È idea comunemente diffusa che gli uomini pensino più spesso al sesso rispetto alle donne. In realtà il fenomeno è più complesso, lo spiegano alcuni studi di Psicologia Evoluzionista o EvolutionaryPsychology.

Secondo la Teoria di Gestione dell’Errore (Haselton & Buss, 2000) mediante un processo di selezione naturale, per ridurre al minimo l’errore nella percezione della disponibilità sessuale del partner, si è strutturato un meccanismo automatico di risposta che si attiva in situazioni dove è presente incertezza, per assicurare un comportamento così importante per il mantenimento della specie, ovvero il comportamento sessuale. In alcuni casi, però, questo meccanismo può portare a una vera e propria distorsione nella valutazione dell’interesse sessuale di un possibile partner.
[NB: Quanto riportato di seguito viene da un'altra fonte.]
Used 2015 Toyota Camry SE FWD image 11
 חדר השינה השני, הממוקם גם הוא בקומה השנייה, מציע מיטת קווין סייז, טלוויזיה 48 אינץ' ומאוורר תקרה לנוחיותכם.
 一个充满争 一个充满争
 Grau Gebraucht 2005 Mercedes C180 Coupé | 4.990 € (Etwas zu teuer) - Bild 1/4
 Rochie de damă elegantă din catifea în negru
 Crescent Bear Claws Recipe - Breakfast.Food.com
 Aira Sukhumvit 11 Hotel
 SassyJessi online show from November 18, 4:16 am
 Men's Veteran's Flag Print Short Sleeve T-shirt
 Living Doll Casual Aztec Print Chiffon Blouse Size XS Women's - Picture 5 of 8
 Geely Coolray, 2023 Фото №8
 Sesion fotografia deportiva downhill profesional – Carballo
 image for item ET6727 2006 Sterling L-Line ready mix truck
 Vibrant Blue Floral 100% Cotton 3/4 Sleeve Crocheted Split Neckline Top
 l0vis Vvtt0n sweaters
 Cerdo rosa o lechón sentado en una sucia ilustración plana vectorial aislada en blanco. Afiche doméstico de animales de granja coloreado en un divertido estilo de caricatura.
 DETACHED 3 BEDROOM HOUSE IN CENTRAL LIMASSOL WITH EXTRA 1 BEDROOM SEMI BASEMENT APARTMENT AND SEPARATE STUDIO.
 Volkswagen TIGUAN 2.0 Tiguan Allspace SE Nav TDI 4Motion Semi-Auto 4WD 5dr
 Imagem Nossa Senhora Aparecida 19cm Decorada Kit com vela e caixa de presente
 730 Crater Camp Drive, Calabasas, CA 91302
Il Dr.Bedixen del Dipartimento di Psicologia della Norwegian University of Science and Technology, ha condotto uno studio coinvolgendo 308 studenti universitari, di età compresa tra i 18 e i 30 anni. È stato chiesto loro di rispondere ad alcune domande sui comportamenti sessuali, l’attrazione e l’interazione con l’altro sesso.

Le donne hanno riferito in molti più casi rispetto agli uomini, che i possibili partner dell’altro sesso valutavano erroneamente il loro interesse sessuale, interpretando male i loro segnali, gli autori parlano proprio di overperception ovvero esagerata percezione del segnale comunicativo.

La tendenza che gli uomini hanno riportato nel vedere nel comportamento della possibile partner un’indicazione di interesse e coinvolgimento sessuale non sembra quindi legata a una generale tendenza a pensare frequentemente al sesso, ma è legata a uno specifico pattern legato all’evoluzione della nostra specie. Oltre al genere sessuale, i fattori associati ad una maggiore iper-percezione sessuale rispetto all’ipo-percezione sono: l’essere single, giovane e la propensione ad accettare i rapporti sessuali casuali.

“Anche se questi processi non sono consapevoli, nell’esperienza quotidiana possiamo ancora vederne il risultato”, afferma Bedixen.